Le mardi 4 janvier 28, revenant tous du détour par Arimathie, où Jésus a confié le nouveau disciple Joseph aux bons soins d'Isaac, ils arrivent vers midi à proximité de Sychar. Jésus ordonne une halte. « Je m'arrête ici. Allez en ville.Achetez tout ce qu'il faut pour le repas. Nous mangerons ici »143.1. Jean dans son évangile précise : « il lui fallait traverser la Samarie » et « fatigué du voyage » (Jn 4, 3-6). Les commentateurs s'interrogent sur les nécessités de ce détour et sur cette fatigue331. Ici tout est lumineusement clair : la fatigue, car ils viennent de parcourir quatre vingt cinq kilomètres en deux jours et demi, depuis leur départ d'Emmaüs ; et le détour, car Jésus veut passer dire adieu à Jean Baptiste à Enon, avant de regagner la Galilée. Venant d'Arimathie et allant à Enon, il leur faut nécessairement traverser la Samarie.
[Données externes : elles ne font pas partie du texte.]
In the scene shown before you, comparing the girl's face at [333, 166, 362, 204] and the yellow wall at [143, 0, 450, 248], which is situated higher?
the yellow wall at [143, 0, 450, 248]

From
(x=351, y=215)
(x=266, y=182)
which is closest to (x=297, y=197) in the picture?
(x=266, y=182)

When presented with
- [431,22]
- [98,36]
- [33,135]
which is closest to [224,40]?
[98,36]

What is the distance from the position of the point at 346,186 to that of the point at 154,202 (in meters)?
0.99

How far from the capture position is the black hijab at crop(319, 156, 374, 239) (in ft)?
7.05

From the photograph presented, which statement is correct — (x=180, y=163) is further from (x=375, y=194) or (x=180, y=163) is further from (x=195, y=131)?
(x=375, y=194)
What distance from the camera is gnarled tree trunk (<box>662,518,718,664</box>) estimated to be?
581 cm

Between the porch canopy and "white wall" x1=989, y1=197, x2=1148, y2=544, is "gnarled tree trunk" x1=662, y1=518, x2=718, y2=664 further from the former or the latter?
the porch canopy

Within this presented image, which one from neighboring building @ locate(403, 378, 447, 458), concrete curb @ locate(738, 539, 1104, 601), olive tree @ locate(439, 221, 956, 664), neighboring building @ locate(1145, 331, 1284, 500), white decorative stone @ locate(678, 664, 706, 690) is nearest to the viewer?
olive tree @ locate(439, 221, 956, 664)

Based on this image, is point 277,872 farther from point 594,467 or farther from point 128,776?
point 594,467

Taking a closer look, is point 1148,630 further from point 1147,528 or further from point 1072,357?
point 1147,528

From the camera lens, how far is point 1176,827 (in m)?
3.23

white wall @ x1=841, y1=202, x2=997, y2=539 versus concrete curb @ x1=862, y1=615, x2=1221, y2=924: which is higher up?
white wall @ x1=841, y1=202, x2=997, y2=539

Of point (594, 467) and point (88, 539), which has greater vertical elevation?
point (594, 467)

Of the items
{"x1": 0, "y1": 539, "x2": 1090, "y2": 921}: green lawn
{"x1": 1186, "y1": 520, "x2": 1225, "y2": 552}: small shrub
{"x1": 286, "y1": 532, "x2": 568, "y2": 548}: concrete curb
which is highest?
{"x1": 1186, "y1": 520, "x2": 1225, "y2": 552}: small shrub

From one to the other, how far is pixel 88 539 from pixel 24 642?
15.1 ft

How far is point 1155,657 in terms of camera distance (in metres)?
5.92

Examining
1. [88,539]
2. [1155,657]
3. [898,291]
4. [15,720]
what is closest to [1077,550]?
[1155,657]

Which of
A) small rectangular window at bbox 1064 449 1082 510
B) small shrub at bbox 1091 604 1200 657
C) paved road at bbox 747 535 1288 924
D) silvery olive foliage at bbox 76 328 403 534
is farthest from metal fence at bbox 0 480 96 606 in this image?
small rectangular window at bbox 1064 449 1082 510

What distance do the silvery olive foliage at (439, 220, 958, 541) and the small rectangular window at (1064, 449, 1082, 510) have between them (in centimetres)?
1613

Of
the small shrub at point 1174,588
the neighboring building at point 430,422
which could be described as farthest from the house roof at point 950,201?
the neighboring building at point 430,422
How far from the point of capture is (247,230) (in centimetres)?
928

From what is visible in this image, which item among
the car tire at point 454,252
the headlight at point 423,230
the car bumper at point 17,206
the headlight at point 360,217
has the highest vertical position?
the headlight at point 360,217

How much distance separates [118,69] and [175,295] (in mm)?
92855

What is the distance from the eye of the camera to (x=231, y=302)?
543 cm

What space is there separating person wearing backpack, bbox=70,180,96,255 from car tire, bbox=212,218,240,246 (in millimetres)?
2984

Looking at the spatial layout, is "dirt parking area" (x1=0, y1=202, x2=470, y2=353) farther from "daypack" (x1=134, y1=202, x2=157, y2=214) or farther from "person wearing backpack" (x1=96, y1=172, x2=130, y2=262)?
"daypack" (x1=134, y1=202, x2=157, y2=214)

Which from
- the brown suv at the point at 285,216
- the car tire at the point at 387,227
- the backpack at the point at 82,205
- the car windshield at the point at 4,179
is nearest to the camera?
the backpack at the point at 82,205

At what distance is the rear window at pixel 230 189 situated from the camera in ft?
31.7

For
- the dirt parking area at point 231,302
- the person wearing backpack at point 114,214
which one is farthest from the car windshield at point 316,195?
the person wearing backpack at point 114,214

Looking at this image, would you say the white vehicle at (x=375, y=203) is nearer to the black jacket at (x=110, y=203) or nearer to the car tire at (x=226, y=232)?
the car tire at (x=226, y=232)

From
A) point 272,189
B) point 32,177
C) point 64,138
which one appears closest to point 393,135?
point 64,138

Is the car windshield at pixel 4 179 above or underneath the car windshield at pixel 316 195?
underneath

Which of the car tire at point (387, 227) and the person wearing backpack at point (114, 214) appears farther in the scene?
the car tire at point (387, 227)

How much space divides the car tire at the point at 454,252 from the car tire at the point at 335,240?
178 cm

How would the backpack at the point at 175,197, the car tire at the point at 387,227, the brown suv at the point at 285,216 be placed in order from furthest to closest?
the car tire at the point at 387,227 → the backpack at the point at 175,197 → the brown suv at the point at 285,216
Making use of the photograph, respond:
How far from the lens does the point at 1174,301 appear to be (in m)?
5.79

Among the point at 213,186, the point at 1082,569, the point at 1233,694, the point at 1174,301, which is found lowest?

Le récit par Maria Valtorta de la rencontre avec la samaritaine est bien entendu en tout point conforme au récit de Jean (Jn 4, 7-26). Mais le dialogue semble nous être restitué ici dans sa pureté originelle. Ainsi par exemple lorsque Jean écrit sobrement : « Donne-moi à boire », le témoignage de Maria Valtorta paraît plus chaleureux, comme pris sur le vif : « La paix soit avec toi, femme. Me donnes-tu à boire ? J'ai beaucoup marché et j'ai soif »143.2. On pourrait faire le même constat pour tous les échanges de cette longue conversation. Nul doute qu'une étude exégétique approfondie en serait des plus fructueuses. Maria Valtorta nous confirme aussi que la samaritaine se prénomme Photine, nom sous lequel elle est effectivement vénérée depuis les premiers siècles par la tradition orthodoxe.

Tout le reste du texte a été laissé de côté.